あまりにも自明でありながらも広く誤解されている神話として、「無から有が創作されることは皆無である」という真実がある。
美術史を紐解くまでもなく、文化とは古来より相互に「他人の創作物を、一部真似してアイディアを貰って、創作する」ことを繰り返し積み重ねて発展をした。流行りの構図があり流行りの色の塗り方がある。流行りのドレスがイラストレーションになり流行りのイラストが着物の図案になる。
「流行る」とはアイディアをパクリあうことであり、「流行りが廃れて新しいものが生まれる」とは、既存のアイディアを踏まえた上で敢えてズラすということだ。なるほど、著作権法に触れずともパクリはパクリかもしれない。他人のアイディアをタダ乗りする行為かもしれない。しかし同時に、それは卑劣な行為ではなく当然の行為なのだ。

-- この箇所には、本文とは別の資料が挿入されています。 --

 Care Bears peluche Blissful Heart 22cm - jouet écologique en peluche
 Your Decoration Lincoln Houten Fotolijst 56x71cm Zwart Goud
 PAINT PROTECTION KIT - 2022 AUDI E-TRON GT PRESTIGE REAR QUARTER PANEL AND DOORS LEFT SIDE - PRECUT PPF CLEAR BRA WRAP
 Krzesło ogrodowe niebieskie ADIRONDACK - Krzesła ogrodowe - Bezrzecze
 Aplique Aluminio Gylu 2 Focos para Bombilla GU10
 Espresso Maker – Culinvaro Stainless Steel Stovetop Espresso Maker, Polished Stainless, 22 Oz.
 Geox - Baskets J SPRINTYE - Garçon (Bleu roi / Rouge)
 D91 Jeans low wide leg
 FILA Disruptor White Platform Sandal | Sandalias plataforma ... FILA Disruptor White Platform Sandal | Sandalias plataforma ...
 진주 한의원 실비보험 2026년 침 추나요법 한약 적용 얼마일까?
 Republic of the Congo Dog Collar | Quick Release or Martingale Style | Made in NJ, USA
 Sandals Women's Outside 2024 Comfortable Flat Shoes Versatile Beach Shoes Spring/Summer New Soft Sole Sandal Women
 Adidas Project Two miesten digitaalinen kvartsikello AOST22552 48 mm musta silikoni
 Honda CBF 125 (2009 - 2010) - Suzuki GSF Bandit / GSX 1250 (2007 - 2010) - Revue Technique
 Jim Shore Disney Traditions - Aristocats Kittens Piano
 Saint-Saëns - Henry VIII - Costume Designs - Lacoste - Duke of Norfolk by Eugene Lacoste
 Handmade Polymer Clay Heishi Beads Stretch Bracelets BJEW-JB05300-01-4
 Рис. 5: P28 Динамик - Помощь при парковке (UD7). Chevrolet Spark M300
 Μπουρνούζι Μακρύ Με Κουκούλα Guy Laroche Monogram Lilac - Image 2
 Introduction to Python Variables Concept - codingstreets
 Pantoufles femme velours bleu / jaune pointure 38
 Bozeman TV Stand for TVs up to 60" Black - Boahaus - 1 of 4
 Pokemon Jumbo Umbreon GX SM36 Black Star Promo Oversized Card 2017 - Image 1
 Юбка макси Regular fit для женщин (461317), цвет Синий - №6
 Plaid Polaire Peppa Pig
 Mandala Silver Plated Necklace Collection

では、言いがかりのようなパクリの指摘を減らして行くには、どうすればよいだろうか。自衛策のひとつとして、「影響を公言する」ことが有効だろう。「カラーパレットは○○をベースにいじったものです」「○○で画像検索して見ながら描いた」「この○○の描写は写真家の☆☆さんの作品を参考にしています」等と絵に添える。あるいはプロフィール欄に誰を真似して描いているかを公言する。重ねて、公開と同時または先行して「元ネタ」の著作者に自分の作品を紹介すると、潔白である旨のポージングになるだろう。
勿論、効果は限定的で、「パクリだ」と指摘されることが無くなるわけでは無いだろう。糾弾者と対話するにあたって、この文章が役に立てば幸いだ。間違えてはならないのは、糾弾者は「お前の行為は法に触れる犯罪だ」と(間違った)主張をしているのではない。「お前は元ネタの魅力に乗っかっているにすぎない。調子にのるな」と言っているのだ。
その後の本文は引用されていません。